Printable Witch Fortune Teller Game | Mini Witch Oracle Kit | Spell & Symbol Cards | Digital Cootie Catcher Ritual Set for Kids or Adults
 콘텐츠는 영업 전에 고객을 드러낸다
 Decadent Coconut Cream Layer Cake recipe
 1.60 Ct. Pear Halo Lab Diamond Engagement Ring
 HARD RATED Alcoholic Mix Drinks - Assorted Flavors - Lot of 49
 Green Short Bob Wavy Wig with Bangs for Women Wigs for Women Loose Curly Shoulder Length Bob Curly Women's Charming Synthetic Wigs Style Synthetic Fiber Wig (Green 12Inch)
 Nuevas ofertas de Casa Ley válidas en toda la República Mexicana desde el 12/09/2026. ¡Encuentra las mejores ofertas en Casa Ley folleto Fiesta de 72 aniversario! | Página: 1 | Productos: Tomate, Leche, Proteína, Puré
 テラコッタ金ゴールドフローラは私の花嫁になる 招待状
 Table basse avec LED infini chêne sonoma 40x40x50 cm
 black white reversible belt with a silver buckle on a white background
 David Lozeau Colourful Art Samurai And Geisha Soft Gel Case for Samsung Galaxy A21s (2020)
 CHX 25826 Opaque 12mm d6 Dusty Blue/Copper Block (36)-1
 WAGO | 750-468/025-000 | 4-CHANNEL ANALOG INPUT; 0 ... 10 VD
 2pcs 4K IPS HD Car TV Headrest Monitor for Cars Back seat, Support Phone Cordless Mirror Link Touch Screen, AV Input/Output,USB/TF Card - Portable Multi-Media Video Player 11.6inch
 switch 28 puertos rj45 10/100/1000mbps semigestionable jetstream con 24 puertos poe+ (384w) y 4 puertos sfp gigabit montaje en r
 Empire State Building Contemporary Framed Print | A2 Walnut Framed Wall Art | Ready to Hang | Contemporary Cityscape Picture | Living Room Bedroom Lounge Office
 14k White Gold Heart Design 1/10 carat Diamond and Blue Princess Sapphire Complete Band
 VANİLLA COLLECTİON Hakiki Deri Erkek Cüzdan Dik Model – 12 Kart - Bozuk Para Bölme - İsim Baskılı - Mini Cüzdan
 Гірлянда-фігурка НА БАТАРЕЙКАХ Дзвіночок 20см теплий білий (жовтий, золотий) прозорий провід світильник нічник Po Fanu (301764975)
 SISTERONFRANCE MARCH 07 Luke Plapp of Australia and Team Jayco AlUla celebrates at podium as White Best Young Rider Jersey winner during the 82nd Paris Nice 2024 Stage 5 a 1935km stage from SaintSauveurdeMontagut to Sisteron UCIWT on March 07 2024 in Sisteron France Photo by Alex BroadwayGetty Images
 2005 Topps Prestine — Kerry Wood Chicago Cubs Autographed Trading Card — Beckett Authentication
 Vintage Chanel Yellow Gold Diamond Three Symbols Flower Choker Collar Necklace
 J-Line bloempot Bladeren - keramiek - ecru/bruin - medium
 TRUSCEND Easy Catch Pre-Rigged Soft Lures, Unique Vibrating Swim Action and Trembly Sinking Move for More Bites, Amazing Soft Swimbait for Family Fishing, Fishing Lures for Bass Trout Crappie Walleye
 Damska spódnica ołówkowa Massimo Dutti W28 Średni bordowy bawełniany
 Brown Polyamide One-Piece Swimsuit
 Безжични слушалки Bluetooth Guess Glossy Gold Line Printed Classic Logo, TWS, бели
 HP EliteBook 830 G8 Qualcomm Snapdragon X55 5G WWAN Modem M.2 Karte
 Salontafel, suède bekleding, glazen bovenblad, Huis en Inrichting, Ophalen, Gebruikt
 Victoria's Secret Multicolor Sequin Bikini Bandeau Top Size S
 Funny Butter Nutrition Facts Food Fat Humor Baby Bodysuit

****************************************

## THE PROBLEM
Only an exact copy of the entries above will do.

## OUTPUT
Printable Witch Fortune Teller Game | Mini Witch Oracle Kit | Spell & Symbol Cards | Digital Cootie Catcher Ritual Set for Kids or Adults
 콘텐츠는 영업 전에 고객을 드러낸다
 Decadent Coconut Cream Layer Cake recipe
 1.60 Ct. Pear Halo Lab Diamond Engagement Ring
 HARD RATED Alcoholic Mix Drinks - Assorted Flavors - Lot of 49
 Green Short Bob Wavy Wig with Bangs for Women Wigs for Women Loose Curly Shoulder Length Bob Curly Women's Charming Synthetic Wigs Style Synthetic Fiber Wig (Green 12Inch)
 Nuevas ofertas de Casa Ley válidas en toda la República Mexicana desde el 12/09/2026. ¡Encuentra las mejores ofertas en Casa Ley folleto Fiesta de 72 aniversario! | Página: 1 | Productos: Tomate, Leche, Proteína, Puré
 テラコッタ金ゴールドフローラは私の花嫁になる 招待状
 Table basse avec LED infini chêne sonoma 40x40x50 cm
 black white reversible belt with a silver buckle on a white background
 David Lozeau Colourful Art Samurai And Geisha Soft Gel Case for Samsung Galaxy A21s (2020)
 CHX 25826 Opaque 12mm d6 Dusty Blue/Copper Block (36)-1
 WAGO | 750-468/025-000 | 4-CHANNEL ANALOG INPUT; 0 ... 10 VD
 2pcs 4K IPS HD Car TV Headrest Monitor for Cars Back seat, Support Phone Cordless Mirror Link Touch Screen, AV Input/Output,USB/TF Card - Portable Multi-Media Video Player 11.6inch
 switch 28 puertos rj45 10/100/1000mbps semigestionable jetstream con 24 puertos poe+ (384w) y 4 puertos sfp gigabit montaje en r
 Empire State Building Contemporary Framed Print | A2 Walnut Framed Wall Art | Ready to Hang | Contemporary Cityscape Picture | Living Room Bedroom Lounge Office
 14k White Gold Heart Design 1/10 carat Diamond and Blue Princess Sapphire Complete Band
 VANİLLA COLLECTİON Hakiki Deri Erkek Cüzdan Dik Model – 12 Kart - Bozuk Para Bölme - İsim Baskılı - Mini Cüzdan
 Гірлянда-фігурка НА БАТАРЕЙКАХ Дзвіночок 20см теплий білий (жовтий, золотий) прозорий провід світильник нічник Po Fanu (301764975)
 SISTERONFRANCE MARCH 07 Luke Plapp of Australia and Team Jayco AlUla celebrates at podium as White Best Young Rider Jersey winner during the 82nd Paris Nice 2024 Stage 5 a 1935km stage from SaintSauveurdeMontagut to Sisteron UCIWT on March 07 2024 in Sisteron France Photo by Alex BroadwayGetty Images
 2005 Topps Prestine — Kerry Wood Chicago Cubs Autographed Trading Card — Beckett Authentication
 Vintage Chanel Yellow Gold Diamond Three Symbols Flower Choker Collar Necklace
 J-Line bloempot Bladeren - keramiek - ecru/bruin - medium
 TRUSCEND Easy Catch Pre-Rigged Soft Lures, Unique Vibrating Swim Action and Trembly Sinking Move for More Bites, Amazing Soft Swimbait for Family Fishing, Fishing Lures for Bass Trout Crappie Walleye
 Damska spódnica ołówkowa Massimo Dutti W28 Średni bordowy bawełniany
 Brown Polyamide One-Piece Swimsuit
 Безжични слушалки Bluetooth Guess Glossy Gold Line Printed Classic Logo, TWS, бели
 HP EliteBook 830 G8 Qualcomm Snapdragon X55 5G WWAN Modem M.2 Karte
 Salontafel, suède bekleding, glazen bovenblad, Huis en Inrichting, Ophalen, Gebruikt
 Victoria's Secret Multicolor Sequin Bikini Bandeau Top Size S
 Funny Butter Nutrition Facts Food Fat Humor Baby Bodysuit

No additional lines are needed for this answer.